╭─ SOURCE DATA

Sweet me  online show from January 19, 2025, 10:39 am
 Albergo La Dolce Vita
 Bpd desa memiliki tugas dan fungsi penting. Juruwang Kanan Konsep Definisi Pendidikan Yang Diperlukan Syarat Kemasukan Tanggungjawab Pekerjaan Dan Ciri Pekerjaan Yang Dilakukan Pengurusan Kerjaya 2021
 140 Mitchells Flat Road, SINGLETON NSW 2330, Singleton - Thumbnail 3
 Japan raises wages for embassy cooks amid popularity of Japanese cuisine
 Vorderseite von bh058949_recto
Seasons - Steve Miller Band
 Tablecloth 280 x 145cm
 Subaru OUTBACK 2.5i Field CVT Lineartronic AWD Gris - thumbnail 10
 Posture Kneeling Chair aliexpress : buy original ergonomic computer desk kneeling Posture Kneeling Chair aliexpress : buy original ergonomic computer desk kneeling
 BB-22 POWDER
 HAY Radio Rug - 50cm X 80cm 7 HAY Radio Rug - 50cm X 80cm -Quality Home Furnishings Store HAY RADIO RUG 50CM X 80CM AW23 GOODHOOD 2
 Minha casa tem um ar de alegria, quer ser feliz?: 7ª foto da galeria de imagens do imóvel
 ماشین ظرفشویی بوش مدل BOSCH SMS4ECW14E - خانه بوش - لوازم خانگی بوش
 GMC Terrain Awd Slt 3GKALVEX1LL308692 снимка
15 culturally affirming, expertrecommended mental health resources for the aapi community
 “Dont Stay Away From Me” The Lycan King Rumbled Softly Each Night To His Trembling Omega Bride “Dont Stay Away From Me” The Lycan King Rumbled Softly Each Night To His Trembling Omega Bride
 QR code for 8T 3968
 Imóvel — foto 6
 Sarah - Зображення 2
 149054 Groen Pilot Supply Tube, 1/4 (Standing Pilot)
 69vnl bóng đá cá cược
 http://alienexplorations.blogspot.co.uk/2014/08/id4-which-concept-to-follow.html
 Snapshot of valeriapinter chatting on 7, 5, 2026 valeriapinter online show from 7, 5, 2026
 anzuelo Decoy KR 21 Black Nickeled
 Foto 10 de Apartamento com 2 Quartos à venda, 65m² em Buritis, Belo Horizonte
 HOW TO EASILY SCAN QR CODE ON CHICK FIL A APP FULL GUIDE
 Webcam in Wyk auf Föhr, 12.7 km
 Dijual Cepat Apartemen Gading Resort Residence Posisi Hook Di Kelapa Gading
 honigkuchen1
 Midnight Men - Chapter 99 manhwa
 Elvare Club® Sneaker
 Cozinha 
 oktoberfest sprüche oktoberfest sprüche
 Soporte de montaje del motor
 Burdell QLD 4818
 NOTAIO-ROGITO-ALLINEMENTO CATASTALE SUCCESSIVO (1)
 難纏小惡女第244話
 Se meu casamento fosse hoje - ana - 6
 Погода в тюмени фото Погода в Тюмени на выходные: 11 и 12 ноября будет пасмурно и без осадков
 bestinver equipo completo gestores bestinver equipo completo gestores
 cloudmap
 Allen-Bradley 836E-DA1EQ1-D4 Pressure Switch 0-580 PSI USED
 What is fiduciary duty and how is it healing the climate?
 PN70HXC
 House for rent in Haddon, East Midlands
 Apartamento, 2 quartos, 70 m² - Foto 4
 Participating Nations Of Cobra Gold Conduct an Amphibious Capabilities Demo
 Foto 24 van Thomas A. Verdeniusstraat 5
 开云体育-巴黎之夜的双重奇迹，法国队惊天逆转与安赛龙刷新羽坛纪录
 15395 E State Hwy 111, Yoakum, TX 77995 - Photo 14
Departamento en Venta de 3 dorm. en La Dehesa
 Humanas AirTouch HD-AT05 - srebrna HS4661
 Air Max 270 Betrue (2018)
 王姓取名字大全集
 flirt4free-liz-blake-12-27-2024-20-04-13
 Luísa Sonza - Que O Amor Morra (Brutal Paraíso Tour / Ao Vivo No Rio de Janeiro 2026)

╰─

◆ YOUR TASK ◆
Print the listing above in its entirety, with every line exact.

◆ ANSWER TO THE EXERCISE ◆
Sweet me  online show from January 19, 2025, 10:39 am
 Albergo La Dolce Vita
 Bpd desa memiliki tugas dan fungsi penting. Juruwang Kanan Konsep Definisi Pendidikan Yang Diperlukan Syarat Kemasukan Tanggungjawab Pekerjaan Dan Ciri Pekerjaan Yang Dilakukan Pengurusan Kerjaya 2021
 140 Mitchells Flat Road, SINGLETON NSW 2330, Singleton - Thumbnail 3
 Japan raises wages for embassy cooks amid popularity of Japanese cuisine
 Vorderseite von bh058949_recto
Seasons - Steve Miller Band
 Tablecloth 280 x 145cm
 Subaru OUTBACK 2.5i Field CVT Lineartronic AWD Gris - thumbnail 10
 Posture Kneeling Chair aliexpress : buy original ergonomic computer desk kneeling Posture Kneeling Chair aliexpress : buy original ergonomic computer desk kneeling
 BB-22 POWDER
 HAY Radio Rug - 50cm X 80cm 7 HAY Radio Rug - 50cm X 80cm -Quality Home Furnishings Store HAY RADIO RUG 50CM X 80CM AW23 GOODHOOD 2
 Minha casa tem um ar de alegria, quer ser feliz?: 7ª foto da galeria de imagens do imóvel
 ماشین ظرفشویی بوش مدل BOSCH SMS4ECW14E - خانه بوش - لوازم خانگی بوش
 GMC Terrain Awd Slt 3GKALVEX1LL308692 снимка
15 culturally affirming, expertrecommended mental health resources for the aapi community
 “Dont Stay Away From Me” The Lycan King Rumbled Softly Each Night To His Trembling Omega Bride “Dont Stay Away From Me” The Lycan King Rumbled Softly Each Night To His Trembling Omega Bride
 QR code for 8T 3968
 Imóvel — foto 6
 Sarah - Зображення 2
 149054 Groen Pilot Supply Tube, 1/4 (Standing Pilot)
 69vnl bóng đá cá cược
 http://alienexplorations.blogspot.co.uk/2014/08/id4-which-concept-to-follow.html
 Snapshot of valeriapinter chatting on 7, 5, 2026 valeriapinter online show from 7, 5, 2026
 anzuelo Decoy KR 21 Black Nickeled
 Foto 10 de Apartamento com 2 Quartos à venda, 65m² em Buritis, Belo Horizonte
 HOW TO EASILY SCAN QR CODE ON CHICK FIL A APP FULL GUIDE
 Webcam in Wyk auf Föhr, 12.7 km
 Dijual Cepat Apartemen Gading Resort Residence Posisi Hook Di Kelapa Gading
 honigkuchen1
 Midnight Men - Chapter 99 manhwa
 Elvare Club® Sneaker
 Cozinha 
 oktoberfest sprüche oktoberfest sprüche
 Soporte de montaje del motor
 Burdell QLD 4818
 NOTAIO-ROGITO-ALLINEMENTO CATASTALE SUCCESSIVO (1)
 難纏小惡女第244話
 Se meu casamento fosse hoje - ana - 6
 Погода в тюмени фото Погода в Тюмени на выходные: 11 и 12 ноября будет пасмурно и без осадков
 bestinver equipo completo gestores bestinver equipo completo gestores
 cloudmap
 Allen-Bradley 836E-DA1EQ1-D4 Pressure Switch 0-580 PSI USED
 What is fiduciary duty and how is it healing the climate?
 PN70HXC
 House for rent in Haddon, East Midlands
 Apartamento, 2 quartos, 70 m² - Foto 4
 Participating Nations Of Cobra Gold Conduct an Amphibious Capabilities Demo
 Foto 24 van Thomas A. Verdeniusstraat 5
 开云体育-巴黎之夜的双重奇迹，法国队惊天逆转与安赛龙刷新羽坛纪录
 15395 E State Hwy 111, Yoakum, TX 77995 - Photo 14
Departamento en Venta de 3 dorm. en La Dehesa
 Humanas AirTouch HD-AT05 - srebrna HS4661
 Air Max 270 Betrue (2018)
 王姓取名字大全集
 flirt4free-liz-blake-12-27-2024-20-04-13
 Luísa Sonza - Que O Amor Morra (Brutal Paraíso Tour / Ao Vivo No Rio de Janeiro 2026)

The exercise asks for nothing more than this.